[En-Nut-Discussion] Fwd: Not fixed!!!: Re: confirmed!!! Re: NutOS 4.4.0 on ARM7: possibly bug in NutEnterCritical / NutExitCritical
Harald Kipp
harald.kipp at egnite.de
Sun Feb 24 12:39:20 CET 2008
duane ellis schrieb:
> Look at how Linux does this.
>
> http://www.promethos.org/lxr/http/ident?v=2.6.14;i=local_irq_save
>
> Those guys are smart. Learn from them.
Well, I tried. But there are things I do not understand. For example,
why do they use the "memory" clobber? This forces the compiler to forget
about all values currently stored in registers.
I've done some research on the arm-elf-gcc. It's not finished, but I
hope I can publish the results in a related document.
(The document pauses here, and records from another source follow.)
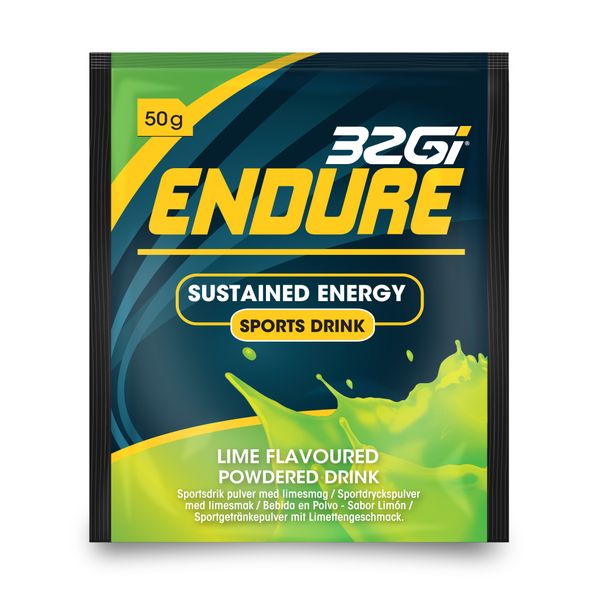 Endure - Sports Drink - Sustained Energy - 50g - Lime - 7 Sachets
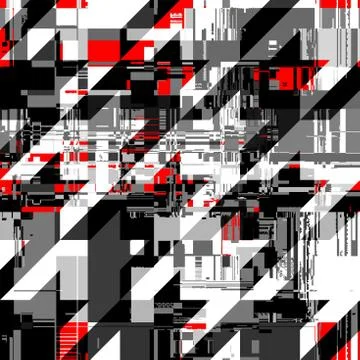 Vector image with imitation of grunge datamoshing texture. Stock Illustration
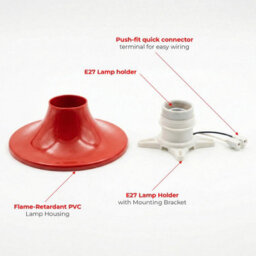 E27 Light Socket Lamp Holder Wall,ceiling Mount, 150mm Base Plate, Easy Install - thumbnail 8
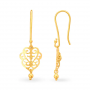 Laser Mesh Gold Pendant Set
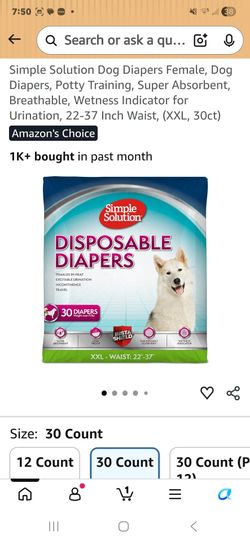 Dog diapers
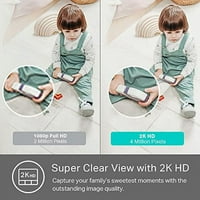 Kasa Smart 2K sigurnosna kamera za monitor za bebe, 4MP HD zatvorena kamera za kućnu sigurnost sa otkrivanjem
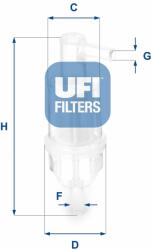 UFI filtru combustibil UFI 31.013. 00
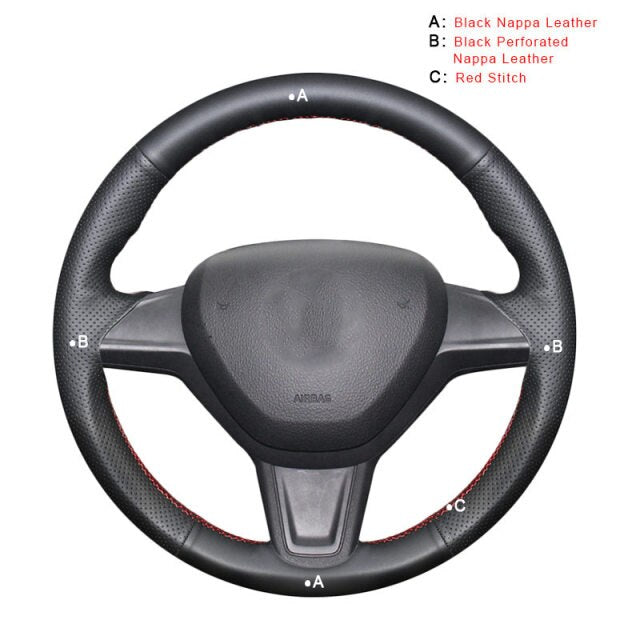 Car Steering Wheel Cover for Skoda Citigo 2013-2019 Fabia 2013-2019 Yeti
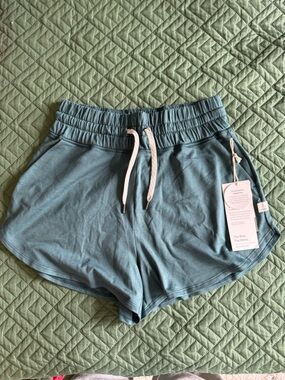 Women’s Blue Drawstring Lounge Shorts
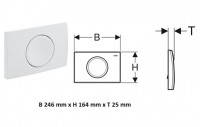 GEBERIT Delta15 ovládací tlačítko pro splachování Start/Stop, lesklý chrom  115.109.21.1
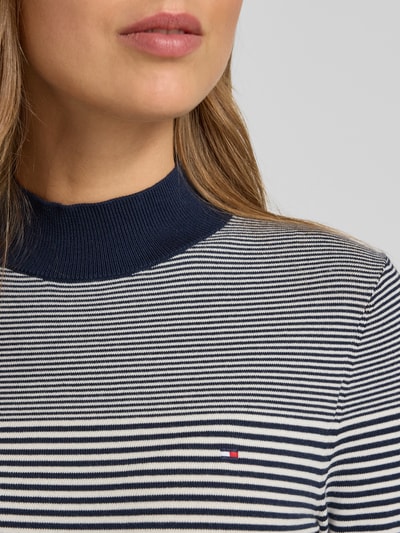 Tommy Hilfiger Regular Fit Pullover aus Baumwoll-Mix Marine 3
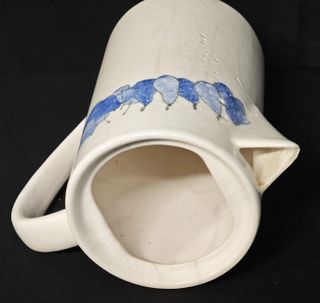 Ernestine Salerno Lattiera/Teiera Ceramica Blu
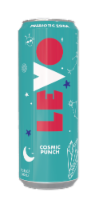 Levo® Prebiotic Cosmic Punch Soda Can Perspective: Main
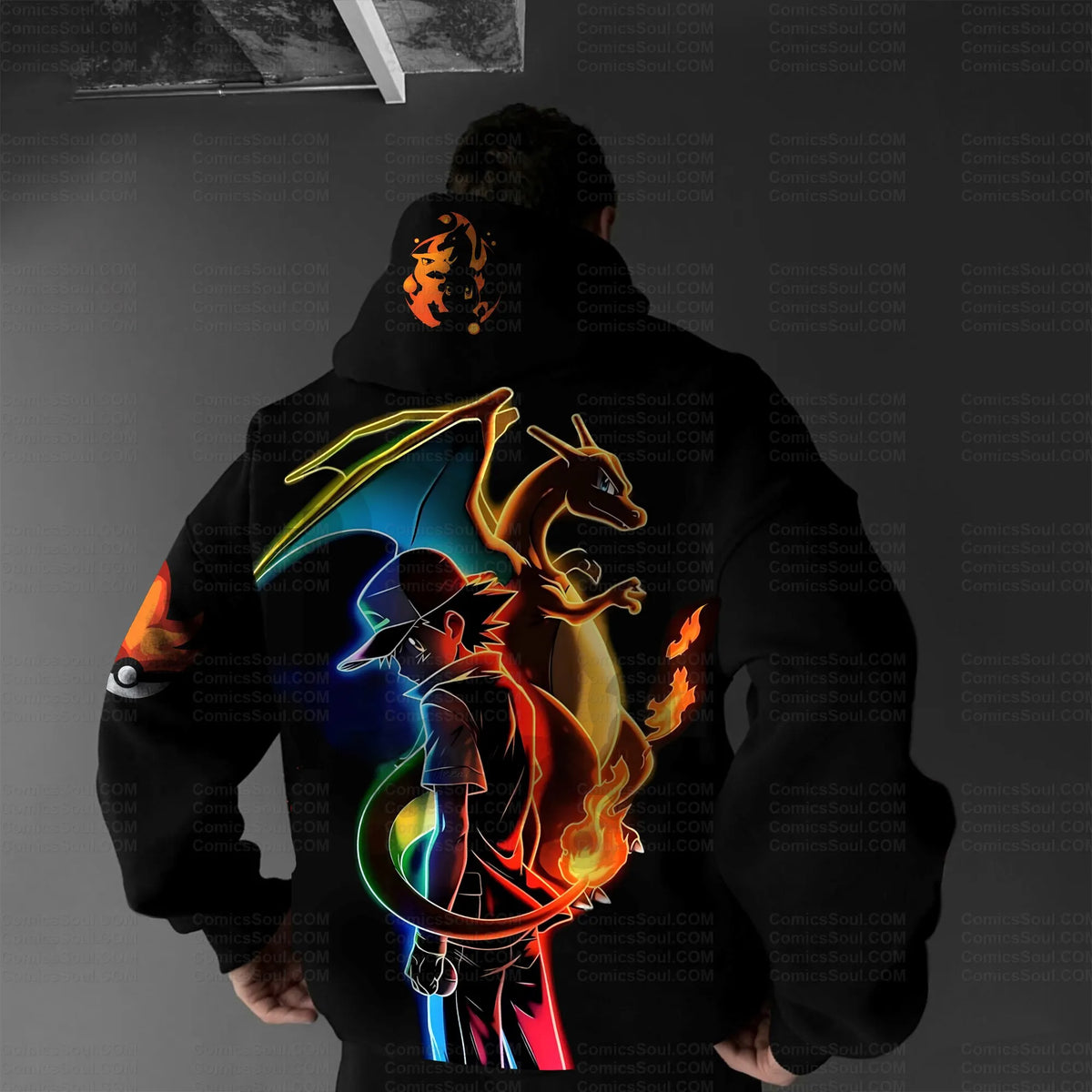PKM-Plus Velvet Unisex Anime Graphic Streetwear Vintage Hoodie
What I can say so far:
Storing the state of the IRQ flags on the stack is dangerous, or in
other words, very bad to do. Matthias raised the question, whether
resulting stack corruption is based on an academic question or on
reality. Obviously it happens quite rarely and after this long
discussion thread I assume that everyone agrees to: There is no
guarantee that it will _not_ happen.
Now, how to solve this?
Some posters do not understand, why we do not simply take the approach
of other operating systems (not just Linux btw.), passing a local
variable to the Enter/ExitCritical macros.
(Maintainer hat on)
From the view of the developer this might not hurt much. From my view,
this will cause a lot of trouble, because it will break almost all
existing applications, which make use of critical sections. I definitely
know, that many organizations and companies out there are using Nut/OS
based applications, while the original developers are no longer
available. I'd really hate to tell them, that there is a bug fix for
their strange crashes, but they need to rewrite some device driver code.
(Maintainer hat off)
I may not have understood every contribution to this thread, but I'm
missing a simple solution. Why don't we simply use a global counter
variable to keep track of the enter/exit level? This way the calling
conventions of NutEnterCritical() and NutExitCritical() would remain
unchanged. Probably this will create slightly larger code, but it fixes
the problem without the need of changing existing code.
The problem with this approach is, that the runtime optimized solution,
the one that is using a local variable, may interfere. It may be nested
inside sections using the historical NutEnter/ExitCritical, but not the
other way round.
My suggestion is, to fix the existing NutEnter/ExitCritical using a
global counter variable and, over the time, carefully replace them with
the new smaller and faster NutCriticalEnterSave() and NutCriticalRestore().
Did I miss something?
Harald
P.S.: There had been some discussions about variable types as well.
Please keep in mind, that it is planned to replace all these old BSD
style types to stdint, which offers things like int_fast8_t or int_least8_t.
P.P.S.: (off-topic) I felt guilty for destroying the discussion thread
structure by not properly replying to a thread. Now I take much more
care of this and enjoy Thunderbird's thread view. It's worth the effort.
Unfortunately the structure of this complex thread is broken.